L'un des mythes structuraux du continent médiéval réclame tout particulièrement notre attention: l’amour courtois. C'est au cours du XIIème siècle que son envergure atteint sa pleine intensité. Il s'agit avant tout d'un code de conduite précis, idéalisé, qui concerne à première vue un chevalier et une dame. Indissociable de la poésie et de la musique, il constitue un véritable bouleversement dans l’évolution de la société féodale. Quelle est donc cette conception novatrice des relations amoureuses ? Qui concerne-t-elle réellement?
Des protagonistes inattendus
Dans un traité rédigé vers 1185, André le Chapelain résume ainsi les principes fondamentaux de notre objet d'étude : « L’amour courtois n’a aucune place entre mari et femme (…) Il doit être libre, mutuel, secret et noble »
Le décor est planté. Liberté, réciprocité, sont les maîtres-mots de l’amour courtois. Et stupeur, les époux en sont excluent. Aussi piquant qu’inattendu. Aussi, seule la noblesse peut réellement prétendre embrasser cette nouvelle religion de l’amour.

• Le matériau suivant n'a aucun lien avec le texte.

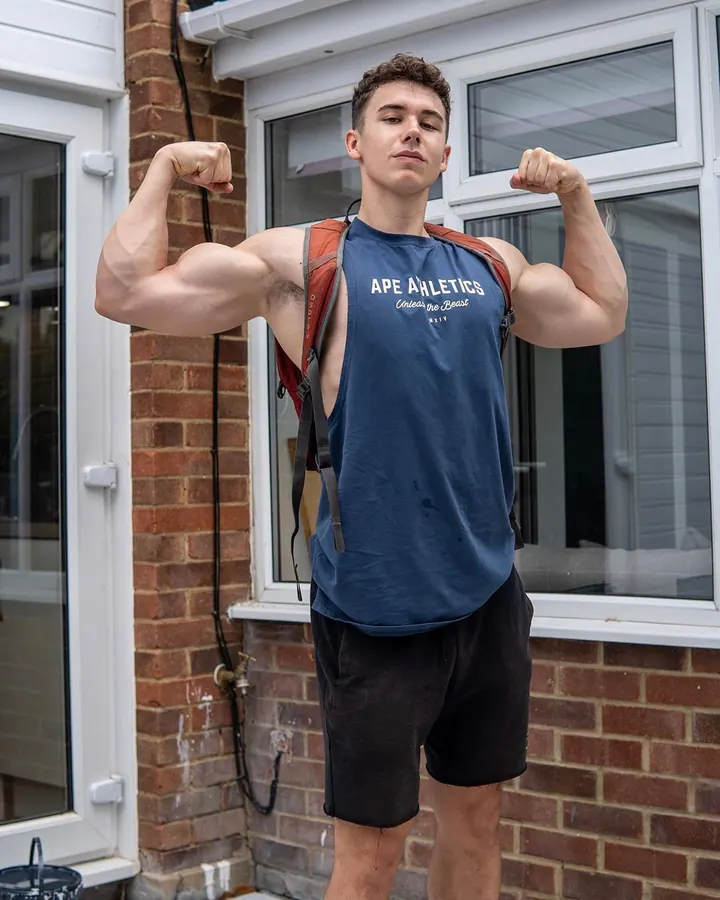Jeune homme musclé portant un débardeur bleu, faisant des flexions devant une maison en briques.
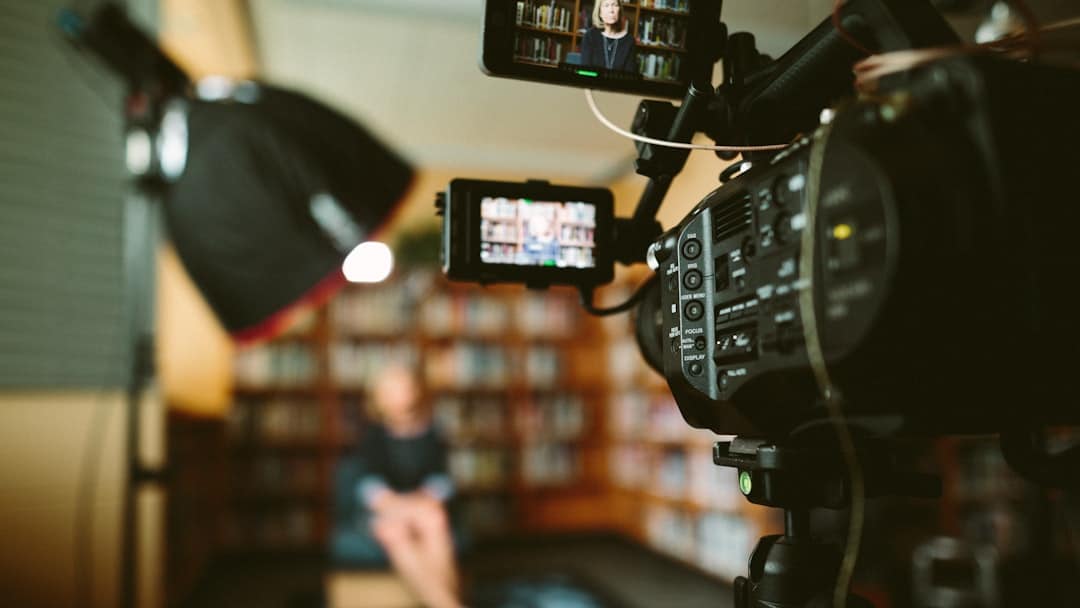Professional video camera on a tripod filming an interview in a library, with a blurred subject seated in the background.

A cette époque, dans les classes sociales les plus élevées, le mariage est une union scellée en fonction d’intérêts. C’est en réalité le moyen privilégié d’accroître une domination territoriale, de mettre fin à une guerre, ou encore de consolider une lignée. Avec lui, il n’est donc pas question d’amour véritable, au sens moderne du terme.
François Icher, historien du compagnonnage, explicite les conséquences de cette particularité :
En ce sens, le mariage ne répond que très rarement à une inclination réciproque entre deux amoureux (…) L’amour courtois répond quelque part à cette absence d’amour spontané entre les deux époux »
Le protagoniste masculin est un jeune homme, sans épouse légitime. La "dame", elle, est une femme mariée, par conséquent inaccessible.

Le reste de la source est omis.